• **Source data**
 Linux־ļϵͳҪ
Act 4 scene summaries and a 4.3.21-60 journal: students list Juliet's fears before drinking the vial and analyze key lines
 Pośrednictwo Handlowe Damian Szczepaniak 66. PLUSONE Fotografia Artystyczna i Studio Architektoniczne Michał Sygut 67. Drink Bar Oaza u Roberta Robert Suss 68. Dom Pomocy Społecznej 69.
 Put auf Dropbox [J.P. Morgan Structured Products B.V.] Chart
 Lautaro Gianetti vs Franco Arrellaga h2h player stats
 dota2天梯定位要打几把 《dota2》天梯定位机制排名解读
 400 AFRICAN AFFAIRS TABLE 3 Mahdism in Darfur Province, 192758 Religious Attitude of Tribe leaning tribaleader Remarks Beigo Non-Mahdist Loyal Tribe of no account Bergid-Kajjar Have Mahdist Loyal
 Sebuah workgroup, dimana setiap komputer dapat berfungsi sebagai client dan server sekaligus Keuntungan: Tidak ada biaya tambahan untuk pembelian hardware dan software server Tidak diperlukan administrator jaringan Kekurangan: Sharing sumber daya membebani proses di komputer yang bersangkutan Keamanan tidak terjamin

• **Work item**
Go through the records and copy each one exactly.

• **Output**
 Linux־ļϵͳҪ
Act 4 scene summaries and a 4.3.21-60 journal: students list Juliet's fears before drinking the vial and analyze key lines
 Pośrednictwo Handlowe Damian Szczepaniak 66. PLUSONE Fotografia Artystyczna i Studio Architektoniczne Michał Sygut 67. Drink Bar Oaza u Roberta Robert Suss 68. Dom Pomocy Społecznej 69.
 Put auf Dropbox [J.P. Morgan Structured Products B.V.] Chart
 Lautaro Gianetti vs Franco Arrellaga h2h player stats
 dota2天梯定位要打几把 《dota2》天梯定位机制排名解读
 400 AFRICAN AFFAIRS TABLE 3 Mahdism in Darfur Province, 192758 Religious Attitude of Tribe leaning tribaleader Remarks Beigo Non-Mahdist Loyal Tribe of no account Bergid-Kajjar Have Mahdist Loyal
 Sebuah workgroup, dimana setiap komputer dapat berfungsi sebagai client dan server sekaligus Keuntungan: Tidak ada biaya tambahan untuk pembelian hardware dan software server Tidak diperlukan administrator jaringan Kekurangan: Sharing sumber daya membebani proses di komputer yang bersangkutan Keamanan tidak terjamin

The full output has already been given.